What this task involves. Print nothing but the lines below starting at the line that holds "Teatro Brancaccio, Lorella" and ending at the line that holds "Vintage roller blind", including both, each exactly as written.

Information shown.
%%

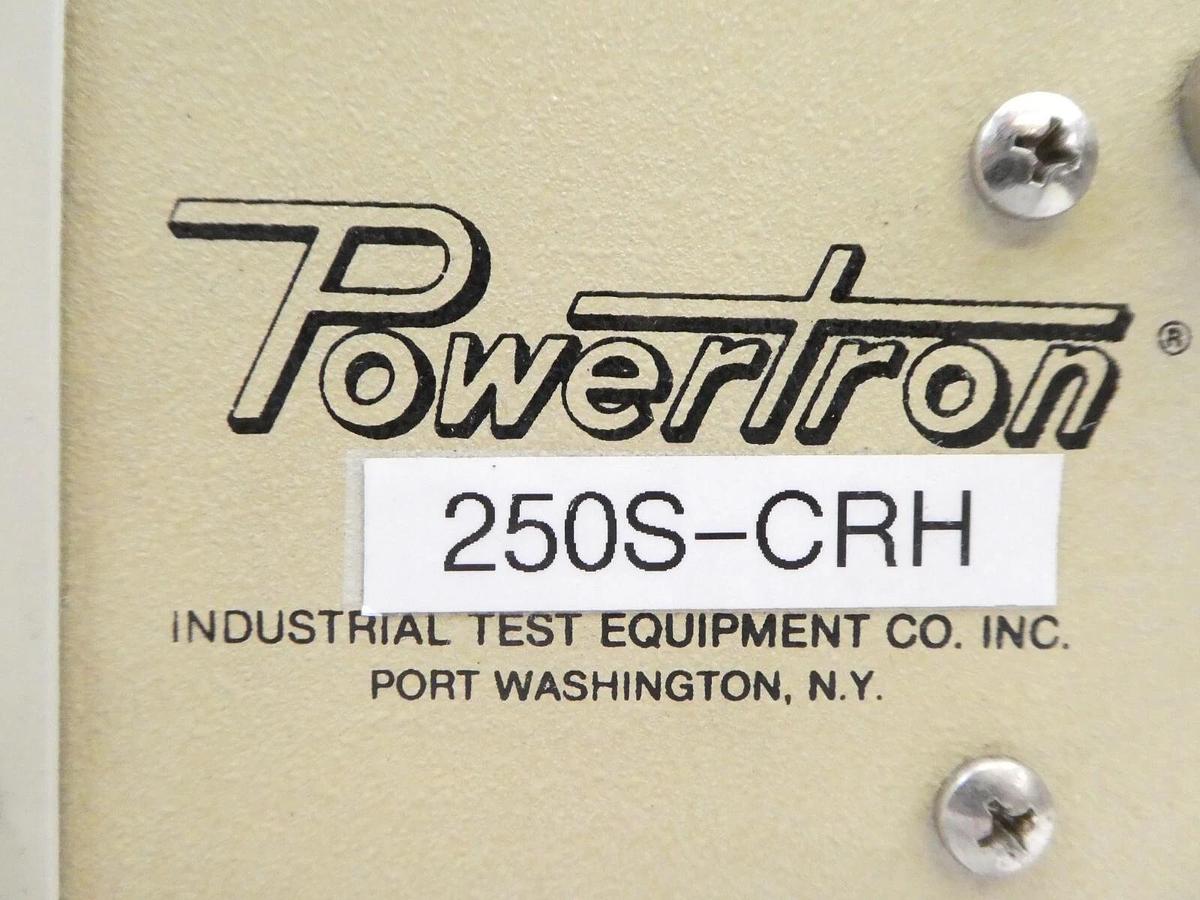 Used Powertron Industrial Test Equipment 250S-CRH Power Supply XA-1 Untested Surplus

%%
%%

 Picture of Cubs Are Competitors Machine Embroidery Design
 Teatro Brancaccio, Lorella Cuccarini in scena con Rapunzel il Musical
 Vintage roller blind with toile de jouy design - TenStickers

%%

Response below.
 Teatro Brancaccio, Lorella Cuccarini in scena con Rapunzel il Musical
 Vintage roller blind with toile de jouy design - TenStickers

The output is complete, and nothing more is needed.